Joseph fended off North, ducked under Webb, and all of a sudden he was in the open, five metres out, and scoring the try that launched England’s second-half comeback in a huge upset victory.

That set the tone for Joseph’s second coming in international rugby.

He enters the final round of the Six Nations on Saturday as the leading try-scorer with four – twice as many as anyone else – and with England on the brink of a first championship since 2011.

It’s a return to the limelight that has rewarded Joseph’s resilience, and relieved a mighty grateful England.

Coach Stuart Lancaster was in a pickle before the tournament. He had a world-class pack, and a top-class flyhalf and fullback, but his midfield was a mess. He’d used 10 different starting centre partnerships, and injuries were killing his options.

Not available were Manu Tuilagi, the one player he was on record as saying was his first team pick, Brad Barritt, Luther Burrell, and Kyle Eastmond.

Joseph was in the squad for the autumn tests, but hadn’t played. England finished that series fielding Barritt and Billy Twelvetrees in the win over Australia.

When Lancaster chose Joseph at centre for the Six Nations opener against Wales, Joseph was, as the pun says, the centre of attention.

Lancaster said Joseph had improved in the areas they’d asked him to, defence and working through the breakdown. He’d also shown the temperament to deliver in big games.

Just days beforehand, Joseph starred in Bath’s win over Toulouse in the European Champions Cup, a deft grubber kick creating the space for Francois Louw’s try.

Joseph’s understanding at Bath with England flyhalf George Ford, going back six years, also helped, no doubt.

“He’s been brilliant, especially this year with his communication,” Ford says of Joseph. “His defence has been brilliant as well, he leads that at the club.

“With JJ, he has that ability to create something out of nothing with an outside break or offload with one hand and, like you saw against Toulouse, his little kick through to create that try.

“He always wants the ball in his hands in attack, but he is also good at the things people don’t see, like his kick-chase, and his communication about when to kick.”

That has come with maturity.

He was first capped on the tour of South Africa in 2012, soon after his 21st birthday. But he received only five more caps, limited by injuries and a failure to up his game.

His attitude changed when he missed the tour of New Zealand last June.

Mike Catt, the England attacking skills coach who saw a special talent in Joseph four years ago, says there’s more to Joseph than twinkly feet.

“The difference is his belief that he belongs in international rugby,” Catt says. “He understands the game. He’s a very good communicator, and he’s got a very low error rate.”

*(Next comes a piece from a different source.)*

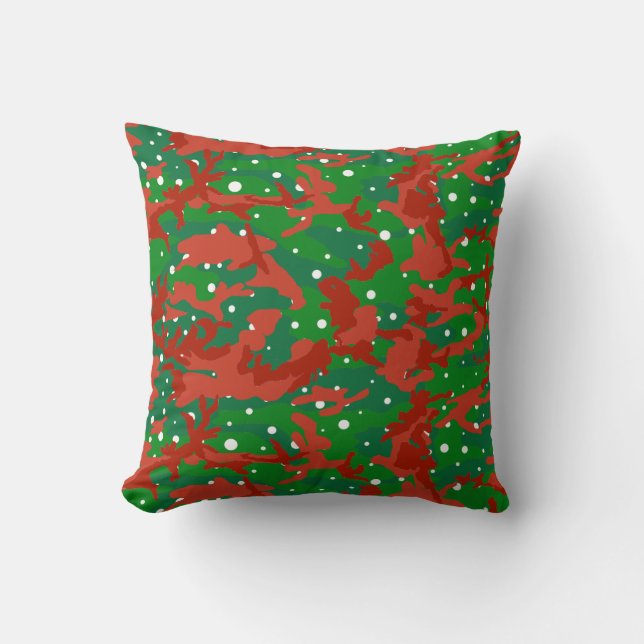Haus Of Camo Xmas Camouflage Throw Pillow (Front)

Joseph proved he had more highlights in him after Wales, against Italy a week later. He shimmied around Kelly Haimona, dummied, and crossed, and for try No. 2, ghosted onto Ford’s delayed pass and sped 50 metres to score. He was hailed as the new Jeremy Guscott. Against Scotland last weekend, another sublime Ford pass set him up for a cut inside and try.

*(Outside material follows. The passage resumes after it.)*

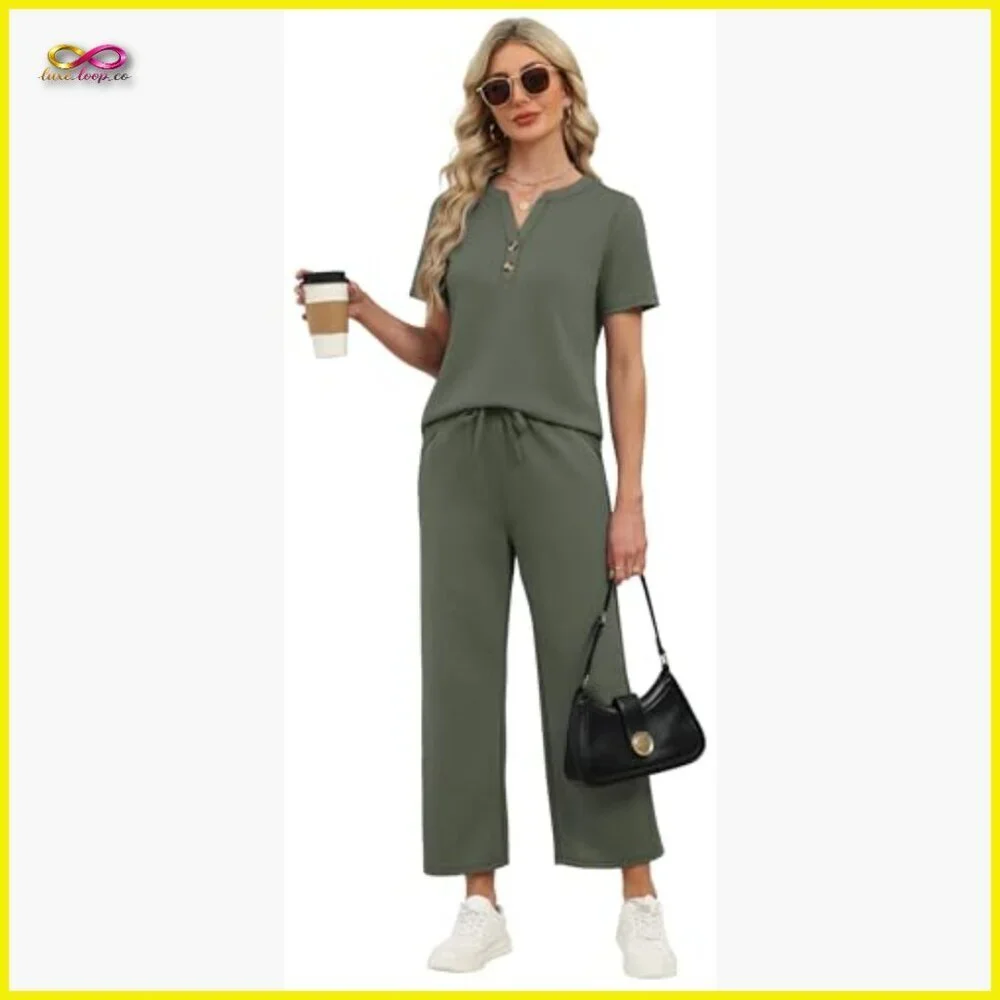 Two Piece Matching Set Wide Leg Crop Pants V Neck Top Resort Wear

Joseph spent hours as a kid honing his footwork and anticipation playing tennis. He was good at tennis. His physical coordination was rated highly, but his mental fortitude not so much. Tennis is a lonely sport, and Joseph craved company. So he turned to his dad’s game, rugby.

Ivan came to England from Carriacou, an island among the Grenadines. He was a flyhalf for Northampton briefly in the mid-1980s. When Jonathan, his first son, was born, Ivan flippantly wrote ‘England rugby player’ as an ambition in his birth book.

To help Jonathan reach his potential, Ivan moved him to Millfield, an independent school in Somerset, and a rugby nursery also for England captain Chris Robshaw and prop Mako Vunipola. Jonathan got in with a grant from London Irish.

He flourished at London Irish, and moved to Bath in 2013 to follow his London Irish coaches. He received a contraction extension in January.

Because he’s smaller and lighter than the likes of Tuilagi, Joseph has relied on technique – footwork, a wicked fend, vision, and acceleration – to combat his more confrontational contemporaries. They’re uncommon gifts in an era when defences are tighter than ever.

“JJ’s footwork and his ability to slip out of tackles is phenomenal,” Catt says. “That’s the x-factor you need to win games.”